When changing a keyspace replication factor, you can force an Elasticsearch routing table update by closing and re-opening all associated elasticsearch indices. To troubleshoot search request routing, set the logging level to DEBUG for class org.elassandra.cluster.routing in the conf/logback.xml file.

Caching features

Compared to Elasticsearch, Elassandra adds to each query a token ranges filter and by fetching fields through a CQL request at the Cassandra layer.

Token Ranges Query Cache

Token ranges filter depends on the node or vnodes configuration, are quite stable and shared for all keyspaces having the same replication factor. These filters only change when the datacenter topology changes, for example when a node is temporary down or when a node is added to the datacenter. So, Elassandra use a cache to keep these queries, a conjunction of Lucene NumericRangeQuery often reused for every search requests.

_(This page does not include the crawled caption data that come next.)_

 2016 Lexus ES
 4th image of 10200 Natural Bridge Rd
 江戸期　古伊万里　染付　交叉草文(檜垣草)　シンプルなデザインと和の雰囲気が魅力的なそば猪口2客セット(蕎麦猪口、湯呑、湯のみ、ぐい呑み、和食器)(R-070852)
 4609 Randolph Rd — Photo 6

As a classic caching strategy, the token_ranges_query_expire controls the expiration time of useless token ranges filter queries into memory. The default is 5 minutes.

Token Ranges Bitset Cache

When enabled, the token ranges bitset cache keeps into memory the results of the token range filter for each Lucene segment. This in-memory bitset, acting as the liveDocs Lucene thumbstones mechanism, is then reused for subsequent Lucene search queries. For each Lucene segment, this document bitset is updated when the Lucene thumbstones count increase (it’s a bitwise AND between the actual Lucene thumbstones and the token range filter result), or removed if the corresponding token ranges query is removed because unused from the token range query cache.

You can enable the token range bitset cache at index level by setting index.token_ranges_bitset_cache to true (Default is false), or configure the its default value for newly created indices at cluster or system levels.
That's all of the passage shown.